Agora, com a oferta de decisões coletivas, abre-se uma nova janela. A empresa que optar por aderir à proposta das associações e dos sindicatos poderá usar a ação coletiva para ter acesso a créditos que não seriam alcançados com a ação individual.
Existe pelo menos uma decisão sobre o tema. Foi proferida pela 1ª Vara Federal de Jundiaí (SP) em agosto do ano passado. Uma empresa do setor de alimentos foi à Justiça pedir para aproveitar os créditos fiscais por meio de uma decisão coletiva. O mandado de segurança foi ajuizado pela associação em 2006 e a empresa se filiou em 2021.
O juiz José Tarcísio Januário negou o pedido. Considerou que haveria violação à decisão do STF. Para ter acesso ao benefício, disse, a empresa deveria comprovar filiação anterior a 15 de março de 2017 – período que escapa da modulação de efeitos. Declarou que permitir o uso dos créditos “implica a possibilidade de verdadeiro comércio de decisões judiciais por associações com objeto genérico”.
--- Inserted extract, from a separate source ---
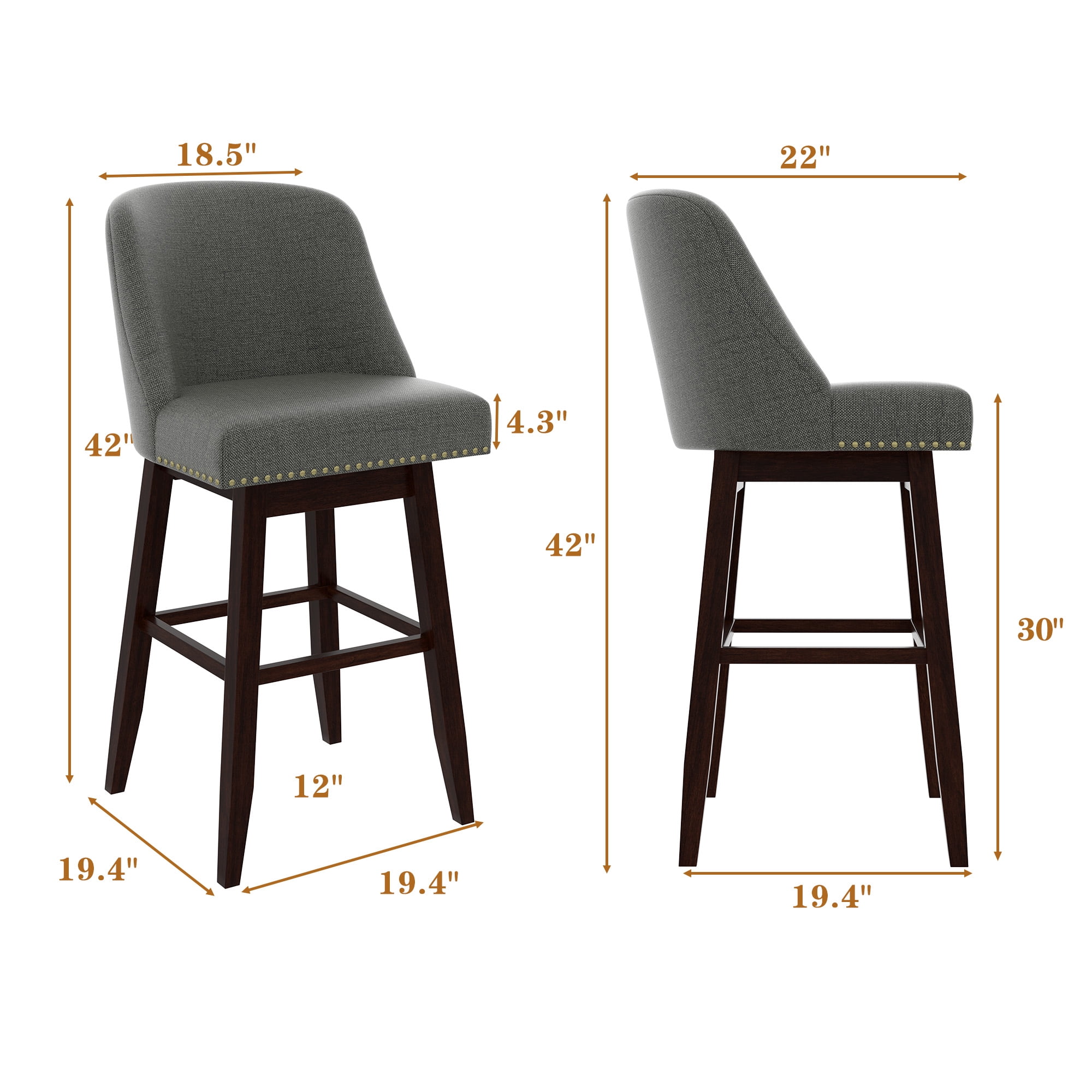 Tolead 30" Upholstered Swivel and Wood Legs Bar Stools - Set of 2, Gray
Entre as empresas que aderem à filiação, existem duas situações: as que antes de usar os créditos preferem pedir autorização da Justiça – como no caso de Jundiaí – e as que optam por fazer a habilitação do crédito que entendem ter direito diretamente na Receita Federal.
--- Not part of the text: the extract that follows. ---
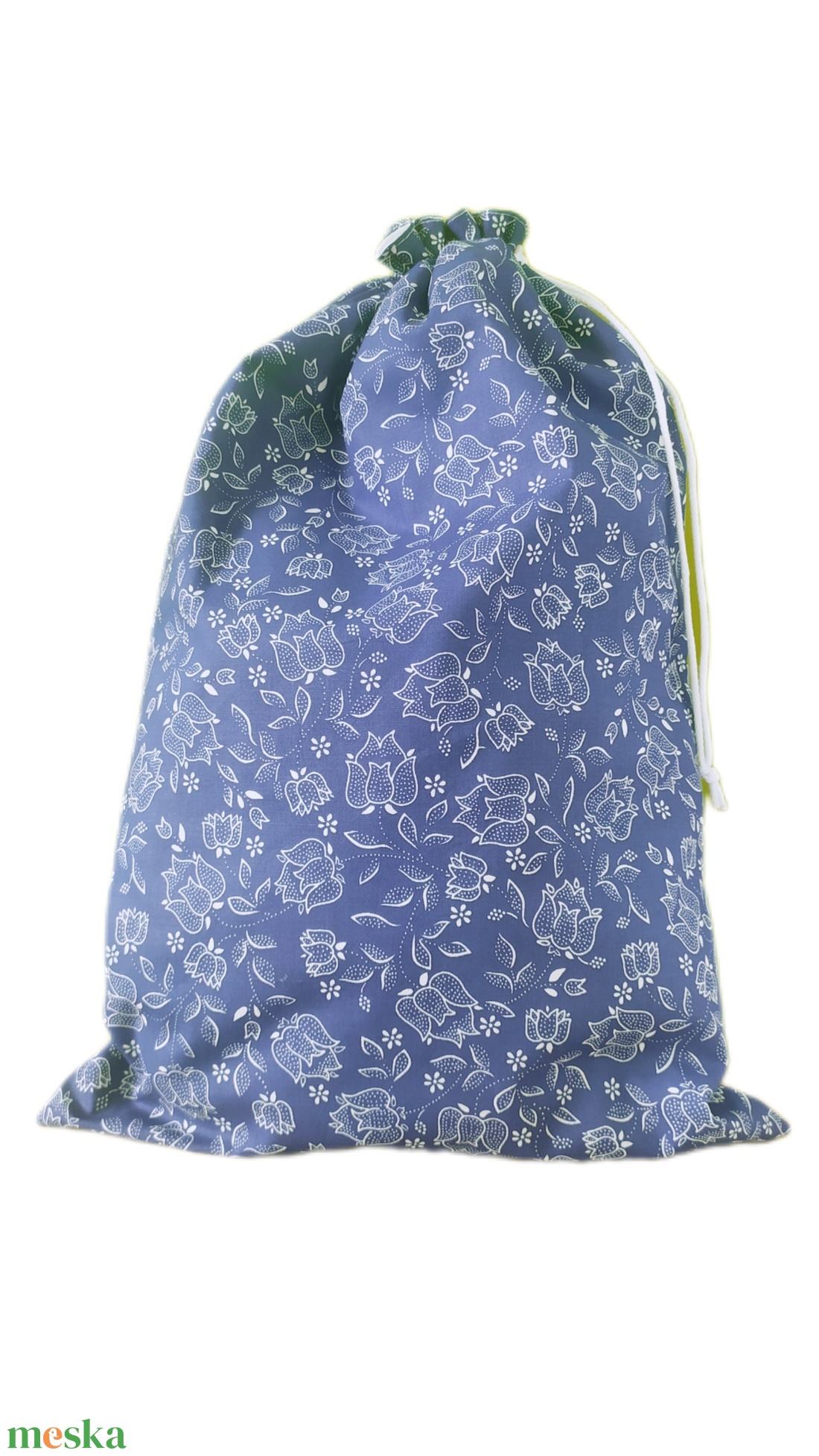 Nagy méretű kenyereszsák, frissentartó zsák, pékárus zsák,tulipános kékfestő - táska & tok - bevásárlás & shopper táska - kenyeres zsák - Meska.hu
Nessa segunda hipótese, contudo, os riscos são maiores. O Fisco tem até cinco anos para fiscalizar as compensações de créditos tributários feitas pelos contribuintes. Se entender de modo contrário à empresa, os tributos pagos com o crédito ficam em aberto e, além de arcar com juros e correção, terá que pagar multa.
Além dos riscos tributários envolvidos, haveria reflexos trabalhistas com a filiação, segundo Lopes. Para uma empresa cliente dele que recebeu a proposta, por exemplo, a mudança de sindicato demandaria ajustes internos.
Há ainda custos na filiação e no pagamento dos honorários de êxito para o advogado da associação ou do sindicato. Essa cobrança varia entre 20% e 30% dos créditos que se pretende recuperar e a maioria cobra no momento em que a empresa afirma ter interesse em usar a decisão.
Para o procurador Thiago Silveira, coordenador-geral da representação judicial da Procuradoria-Geral da Fazenda Nacional (PGFN) no STJ, a possibilidade de utilização dessas decisões coletivas gera manipulação do sistema e total desrespeito à modulação de efeitos do STF. “Certamente essa prática não será permitida”.
Silveira afirma que a procuradoria tenta combater também a atuação de associações que considera não ter legitimidade para representar os contribuintes. Uma delas, a Associação Nacional dos Contribuintes de Tributos (ANCT). “É um escritório de advocacia revestido de associação com milhares de ações ajuizadas em todos os tribunais”, diz Silveira, acrescentando que esse caso está no STF.